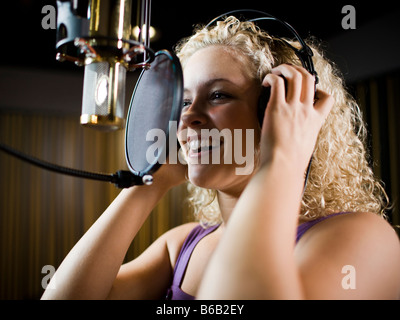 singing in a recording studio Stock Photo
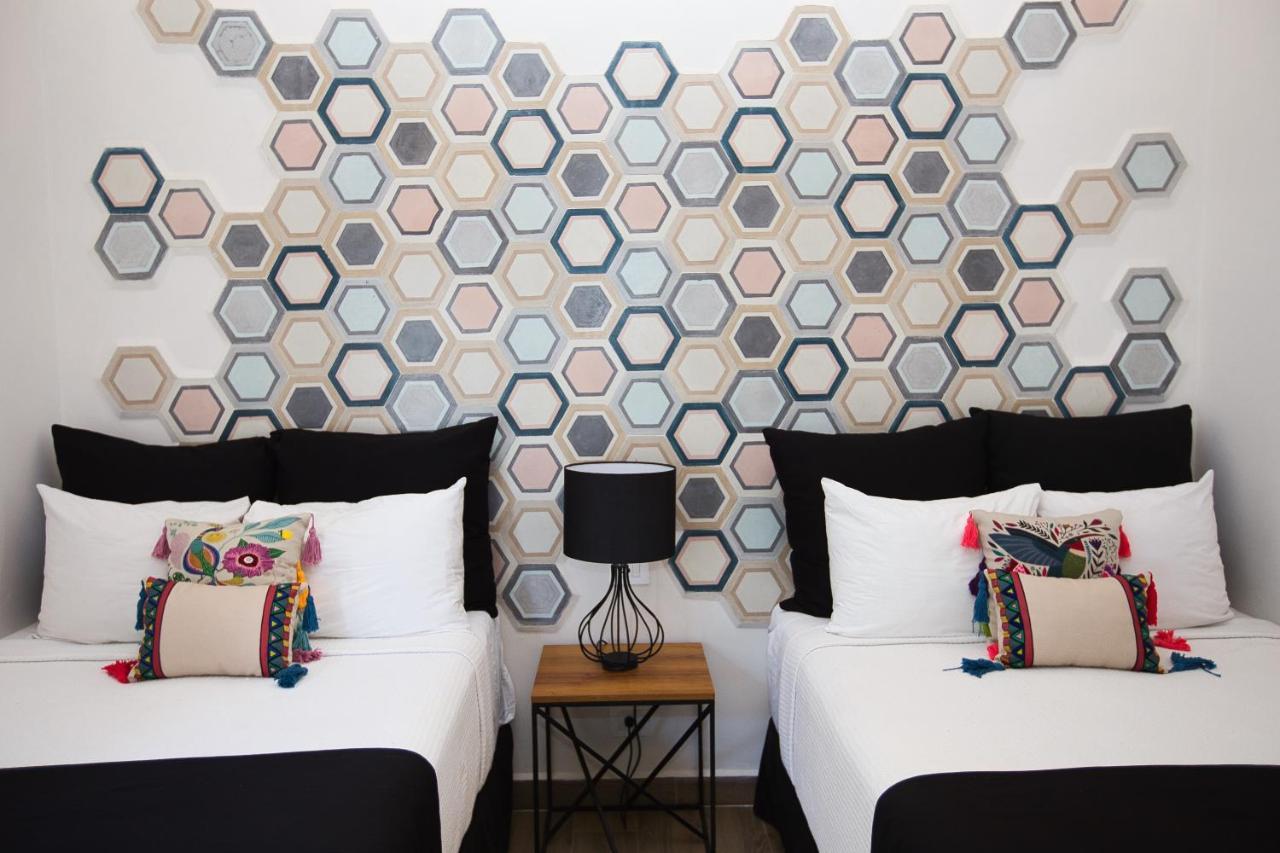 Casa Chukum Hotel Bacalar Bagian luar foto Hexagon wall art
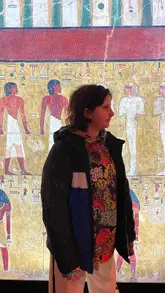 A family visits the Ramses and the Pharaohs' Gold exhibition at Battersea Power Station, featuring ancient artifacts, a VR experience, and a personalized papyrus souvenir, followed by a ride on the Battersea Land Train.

#### ACTIVITY:
Skip the pictures and write out exactly the lines from the line containing "Casa Chukum Hotel" through the end of the listing above.

#### RESULT OF THIS TASK:
 Casa Chukum Hotel Bacalar Bagian luar foto Hexagon wall art
 A family visits the Ramses and the Pharaohs' Gold exhibition at Battersea Power Station, featuring ancient artifacts, a VR experience, and a personalized papyrus souvenir, followed by a ride on the Battersea Land Train.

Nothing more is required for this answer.